Sam Altman told an OpenAI enterprise event on June 3 that AI token costs have gone from invisible to urgent in under six months. “At the beginning of 2026, the issue never came up. People were totally happy with the amount they were spending,” Altman said. “Now, AI costs are a huge issue,” Business Insider reported.
The numbers illustrate why. OpenAI’s top internal token spender now consumes 100 billion tokens per month, according to Altman. Six and a half years ago, the company’s top user burned through 100,000 tokens monthly, which Altman said was “very likely the token leader in the world” at the time. That 100,000 figure is now roughly the per capita global average, Business Insider reported.

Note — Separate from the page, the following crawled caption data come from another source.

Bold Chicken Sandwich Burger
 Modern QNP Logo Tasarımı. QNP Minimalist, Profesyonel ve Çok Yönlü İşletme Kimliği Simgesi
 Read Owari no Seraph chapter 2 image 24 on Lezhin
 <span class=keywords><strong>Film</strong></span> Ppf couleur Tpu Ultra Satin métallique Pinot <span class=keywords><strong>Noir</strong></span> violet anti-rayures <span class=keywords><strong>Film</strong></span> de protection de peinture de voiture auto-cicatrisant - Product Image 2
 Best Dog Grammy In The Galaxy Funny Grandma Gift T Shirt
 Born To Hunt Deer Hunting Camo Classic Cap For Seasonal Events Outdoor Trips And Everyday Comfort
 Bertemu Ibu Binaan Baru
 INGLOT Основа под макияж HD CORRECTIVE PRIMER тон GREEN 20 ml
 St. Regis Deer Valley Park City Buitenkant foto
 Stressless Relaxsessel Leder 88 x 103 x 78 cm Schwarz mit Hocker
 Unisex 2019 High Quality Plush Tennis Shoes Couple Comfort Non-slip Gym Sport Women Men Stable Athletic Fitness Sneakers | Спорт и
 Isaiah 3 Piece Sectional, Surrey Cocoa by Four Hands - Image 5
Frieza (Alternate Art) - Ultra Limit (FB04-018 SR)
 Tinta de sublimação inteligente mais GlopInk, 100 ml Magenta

Even OpenAI’s internal top spender is not the highest in the world. Altman acknowledged finding someone outside the company who spends more, calling it a personal “embarrassment.”
The Agent Cost Multiplier
The spending spike coincides with the proliferation of autonomous agents, which multiply API calls per user interaction. Long-running agent workflows that persist for hours or days consume orders of magnitude more tokens than single-prompt interactions.
The reference case: OpenClaw creator Peter Steinberger’s team spent $1.3 million on OpenAI API tokens in a single month, totaling 603 billion tokens across approximately 7.6 million requests, according to Business Insider and Tom’s Hardware. The New York Times reported that one OpenAI employee spent 210 billion tokens in a single week.
OpenAI maintains a token leaderboard internally, and employees sometimes post their totals on X, per Business Insider. The culture of conspicuous token spending has become a meme in startup circles.
Enterprise Pushback Is Already Here
Not every organization is treating token consumption as a flex. Amazon shut down its token leaderboard, according to Business Insider. Uber reportedly set token caps after COO Andrew Macdonald said the spending was becoming harder to justify, Business Insider reported.
Altman referenced the meme directly at the event: “My company spent my entire 2026 budget in Q1, can you make this more efficient?” He said OpenAI was “continuing to push its models and explore other ways to deliver more value for less spend,” according to Business Insider.
The Agent Builder Constraint
For teams building on agentic architectures, inference cost is now the primary scaling constraint. A single agent workflow can consume thousands of tokens per step across planning, tool use, reflection, and error correction. Multi-agent systems compound this further, with orchestrators spawning sub-agents that each run their own inference loops.
The cost pressure creates a market opening for on-device inference, smaller specialized models, aggressive caching strategies, and agent frameworks that minimize unnecessary API calls. It also raises a strategic question: if the foundation model providers themselves acknowledge that their pricing is becoming unsustainable at agent-scale usage, the economics of the agent infrastructure layer are due for a reset.